Question: In connection with preparing Item 401 disclosure relating to director qualifications, certain board members or nominees have provided for inclusion in the company’s disclosure certain self-identified specific diversity characteristics, such as their race, gender, ethnicity, religion, nationality, disability, sexual orientation, or cultural background. What disclosure of self-identified diversity characteristics is required under Item 401 or, with respect to nominees, under Item 407?

Answer: Item 401(e) requires a brief discussion of the specific experience, qualifications, attributes, or skills that led to the conclusion that a person should serve as a director. Item 407(c)(2)(vi) requires a description of how a board implements any policies it follows with regard to the consideration of diversity in identifying director nominees.

To the extent a board or nominating committee in determining the specific experience, qualifications, attributes, or skills of an individual for board membership has considered the self-identified diversity characteristics referred to above (e.g., race, gender, ethnicity, religion, nationality, disability, sexual orientation, or cultural background) of an individual who has consented to the company’s disclosure of those characteristics, we would expect that the company’s discussion required by Item 401 would include, but not necessarily be limited to, identifying those characteristics and how they were considered. Similarly, in these circumstances, we would expect any description of diversity policies followed by the company under Item 407 would include a discussion of how the company considers the self-identified diversity attributes of nominees as well as any other qualifications its diversity policy takes into account, such as diverse work experiences, military service, or socio-economic or demographic characteristics. [February 6, 2019]

“Shutdown Threat” Risk Factors & MACs

In light of the possibility that “government-by-shutdown” is our new normal, Intelligize has gathered a handful of risk factors that identify specific business threats caused by a non-functioning government – e.g. delayed FDA & CFIUS reviews. And Intelligize also reports that several companies are adding shutdown references to forward-looking statement disclaimers and MAC clauses. Here’s an excerpt:

For example, pest control provider Rollins Inc. noted in its 2018 earnings statement filed on Jan. 23 that “the impact of the U.S. government shutdown” was among the “various risks and uncertainties” that could cause the company’s actual results to diverge from its forward-looking statements. Other companies that have added similar language to their filings this year include Teledyne Technologies and financial services giant Bank of America Corp.

And back in September, the contract language in Fortive Corp’s acquisition of Johnson & Johnson subsidiary Ethicon nixed “any actual or potential sequester, stoppage, shutdown, default or similar event or occurrence by or involving any governmental entity affecting a national or federal government as a whole” as material adverse effects.

Securities Class Actions: Highest Levels Ever?

A pair of recent reports on securities class actions – from Cornerstone Research and NERA Economic Consulting – both say that a greater percentage of listed companies were hit with lawsuits last year (about 4.5% of all exchange-listed companies, and 9.4% of the S&P 500…even higher if you include merger-related litigation). This is due to the declining number of public companies as well as a higher number of class actions.

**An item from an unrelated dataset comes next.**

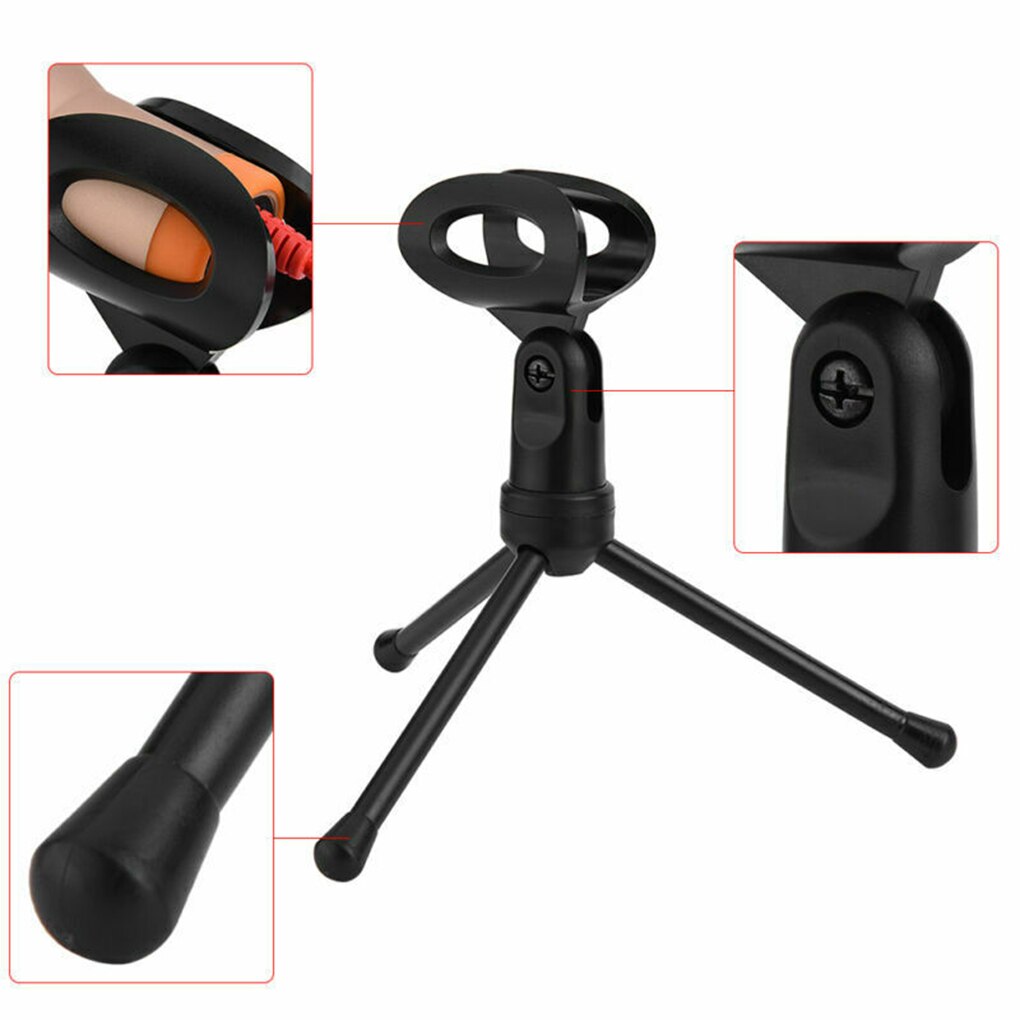 SF-666 Handheld Microphone 3.5mm Jack Wired Sound Stereo Mic With Stand Tripod For Desktop PC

The Cornerstone report also highlights that state court filings – which have become more likely since the Supreme Court’s 2018 Cyan decision – are driving litigation to potentially record levels. Here’s an excerpt from Cornerstone’s press release:

Plaintiffs filed a total of 403 securities class actions in 2018 compared to 412 in 2017. The number of core filings increased from 214 to 221—the highest level since 2008, when securities class actions surged due to volatility in U.S. and global financial markets. Federal M&A filing volume was the second-highest on record, despite declining from 198 to 182.

Securities class action filings related to stock price drops reached levels not seen since the peak of the financial crisis, with the annual likelihood of such filings against exchange-listed companies at an all-time high.